Supplied records:
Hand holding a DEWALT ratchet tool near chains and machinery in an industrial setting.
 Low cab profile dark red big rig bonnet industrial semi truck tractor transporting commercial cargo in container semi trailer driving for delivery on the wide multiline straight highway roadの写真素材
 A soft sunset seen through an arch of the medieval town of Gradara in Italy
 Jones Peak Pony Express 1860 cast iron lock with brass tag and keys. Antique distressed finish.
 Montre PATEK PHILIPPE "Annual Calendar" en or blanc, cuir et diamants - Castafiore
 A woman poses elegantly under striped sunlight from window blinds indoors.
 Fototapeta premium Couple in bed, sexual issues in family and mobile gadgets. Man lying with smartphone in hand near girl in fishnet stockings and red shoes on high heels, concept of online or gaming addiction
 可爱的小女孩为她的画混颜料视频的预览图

What needs to be done:
What are the lines from the one with "A woman poses" through the end of the entries? Give them again exactly, both end lines included.

Solution to the problem:
 A woman poses elegantly under striped sunlight from window blinds indoors.
 Fototapeta premium Couple in bed, sexual issues in family and mobile gadgets. Man lying with smartphone in hand near girl in fishnet stockings and red shoes on high heels, concept of online or gaming addiction
 可爱的小女孩为她的画混颜料视频的预览图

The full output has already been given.